I wrote my first post on this blog about regional legal practice, Practising Law in Regional Australia, back in October 2006.
One point that I have made that I need to return to is that the returns from professional practice in regional Australia all depend upon your needs. I was reminded of this by the obituary in the Sydney Morning Herald of Dubbo solicitor Don Olney. I quote from the first few paragraphs of Malcolm Brown's story.
Don Olney, born at the end of World War II, was a brilliant student at Normanhurst Boys High School, where he studied under the benign dictatorship of legendary headmaster Tom Pearson and had energy to burn.

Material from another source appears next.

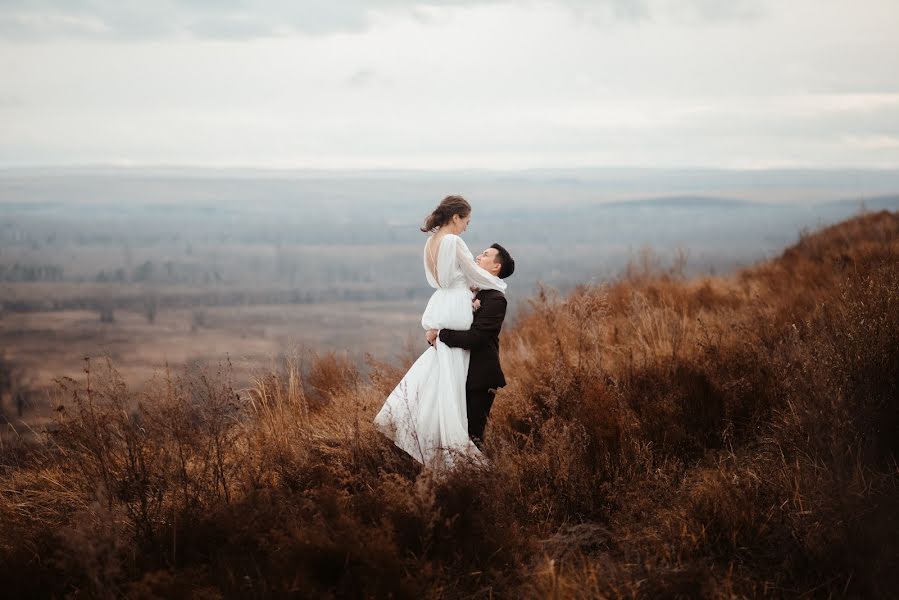 Fotógrafo de casamento Denis Kuznecov (thisisdenkk). Foto de 27 de dezembro 2020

He was admitted as a solicitor of the NSW Supreme Court in 1969 and there was no stopping him. He had already met the love of his life, secretary Rhonda Howells, during his daily train trips from Hornsby to the city and had married her in 1967 while still a student.
Completing his articles with the legal firm Baldich, McPherson and Walsh, he found himself a fully fledged lawyer, virile, with a beautiful wife and the world at his feet. But where was he to go?
He went bush, a reverse of the trend of young professionals who prefer the comfort and convenience of the metropolis. During his long and successful career in Dubbo, in central western NSW, he showed just what a young professional could do in a regional area.
I leave you to read the rest. It's just that the story illustrates my point.